We resampled original data (empirical and simulated) by randomly drawing individuals (without replacement) until a fixed proportion of total species richness of each site was recorded. This proportion (henceforth ‘sample completeness’) is a direct and intuitive measure of undersampling. Probabilities of encountering particular species were given by their relative abundance in the full data for the respective site. We simulated sample completeness from 0·3 (i.e. only 30% of the species at each site have been recorded) to 1·0 in intervals of 0·1. For each level of sample completeness, we performed a bootstrapping analysis with 1000 undersampled distributions and calculated all metrics (Table 1) for each bootstrap sample.

We measured bias by comparing results from incomplete samples to those from all data for all chosen metrics respectively. As a measure of comparison, we used the mean error (of 1000 bootstrap replications) divided by the interval length (interval-scaled mean error, ISME; i.e. scaled to 1 for dissimilarities ranging from 0 to 1, scaled to number of sites-1 for true beta diversites, etc.). For pairwise dissimilarities, ISME was calculated for all unique site-by-site pairs. We considered separately the 15 pairwise calculations for empirical data, but we used locally weighted regression spline smoothing (LOESS) to indicate average trends for the 300 site pairs from each simulation.

However, for pairwise site dissimilarities, we also compared observed dissimilarity matrices from undersampled data to true matrices by linear correlation (i.e. Pearson r). The rationale behind this is that many ecologists would be satisfied if dissimilarities of sites in the sample matrix in relation to each other correspond with their relative position derived from complete data, even if numerical values in site x site comparisons were biased, i.e. different from complete data-values. If dissimilarity data are used for further correlation analysis (e.g. with environmental conditions), preserving the right order is more relevant for correct conclusions than deviation in absolute values. Bias (i.e. deviation in numerical values from those based on complete data), on the other hand, is more important if data are compared with other studies. Thus, it depends on the specific use of data whether ISME or correlation is more useful to quantify undersampling effects, and we present and discuss both assessments. We assessed the estimates using averages from bootstrapping and indicated their precision (Walther & Moore 2005) by drawing standard deviations in figures.

Although the primary purpose of this study was analysing undersampling effects, we also compared results obtained with the different metrics for the full empirical data set (matrix correlations of pairwise dissimilarities; Supporting Information). Furthermore, we extracted three measures that are sometimes used as approximations of the completeness of a sample (i.e. number of individuals N; N/S ratio; coverage, Good 1953) to evaluate their relationship with sample completeness as defined here (Supporting Information).
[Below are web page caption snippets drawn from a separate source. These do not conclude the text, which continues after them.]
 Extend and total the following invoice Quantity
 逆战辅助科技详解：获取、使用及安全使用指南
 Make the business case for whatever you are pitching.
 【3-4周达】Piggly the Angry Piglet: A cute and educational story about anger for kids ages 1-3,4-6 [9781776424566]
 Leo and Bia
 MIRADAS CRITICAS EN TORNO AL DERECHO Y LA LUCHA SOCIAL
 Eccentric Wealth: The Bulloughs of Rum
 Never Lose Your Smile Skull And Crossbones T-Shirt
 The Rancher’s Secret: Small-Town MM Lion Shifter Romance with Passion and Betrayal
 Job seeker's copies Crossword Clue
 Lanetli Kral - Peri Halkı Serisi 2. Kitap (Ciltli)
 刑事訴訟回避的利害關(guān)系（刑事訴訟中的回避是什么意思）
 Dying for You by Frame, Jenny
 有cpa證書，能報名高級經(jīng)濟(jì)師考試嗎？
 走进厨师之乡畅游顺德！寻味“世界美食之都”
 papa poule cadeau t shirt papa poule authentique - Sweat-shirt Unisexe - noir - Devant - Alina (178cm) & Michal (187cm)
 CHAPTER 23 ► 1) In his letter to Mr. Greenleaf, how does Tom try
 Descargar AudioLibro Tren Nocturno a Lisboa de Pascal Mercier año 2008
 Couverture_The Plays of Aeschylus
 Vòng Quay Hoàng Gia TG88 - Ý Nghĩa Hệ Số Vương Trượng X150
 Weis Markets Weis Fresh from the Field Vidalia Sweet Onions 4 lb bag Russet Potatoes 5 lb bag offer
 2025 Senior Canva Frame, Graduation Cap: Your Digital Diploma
Undersampling simulations, calculation of metrics and analyses of undersampling effects were carried out in MATLAB (http://www.mathworks.com/products/matlab/, scripts and functions are available in the Supplementary Information). While many procedures were written by us, we integrated available MATLAB and R functions (http://www.r-project.org/; packages vegan and ecodist accessed from within MATLAB using statconnDCOM) to calculate some of the metrics. CNESS (chord-transformed normalized expected shared species) was calculated with the MATLAB software Legal6 (Legendre & Gallagher 2001).


Figure 1 shows results for dataset-wide assessments of multiplicative beta diversity. Metrics based on species richness (βM1, βM3) often overestimated beta diversity if undersampling occurred, although less so if explicitly accounted for (βM3; however, precision was low with highly incomplete data). Results between empirical and simulated data were very similar, and there were no differences between simulation types. Metrics based on effective number of species (βM2, βM4) were less biased in empirical data, but this was not consistently so with simulation data. The undersampling-correction in βM4, in particular, worked well with empirical data while bias was not much lower than for the uncorrected metric for simulations with a log-normal abundance distribution, and it was much worse for the more even, square root transformed data (see Discussion).

Figure 1.

Undersampling errors (scaled to the data interval, ISME) on dataset-wide metrics of multiplicative beta diversity. Metrics βM1 and βM3 are based on species counts, βM2 and βM4 on Shannon entropy. βM3 and βM4 explicitly attempt to account for undersampling effects. Graphs on the left are based on empirical data (Norfolk), those on the right on simulations of communities that vary in autocorrelation [variogram range (ra) 5–30 pixel], the proportion of species (sp) affected by an environmental gradient (10:40, 25:25, 40:10) and species-abundance distributions (log-normal (exp.), square root (sqrt) transformation thereof). All data are means of 1000 random draws (standard deviations shown only for empirical data). Unbiased estimates of beta diversity have an ISME of zero. Note the difference in y-axis scaling in βM4 simulation (lower left); the usual y-axis scaling (max. 0·25) is indicated by a horizontal line.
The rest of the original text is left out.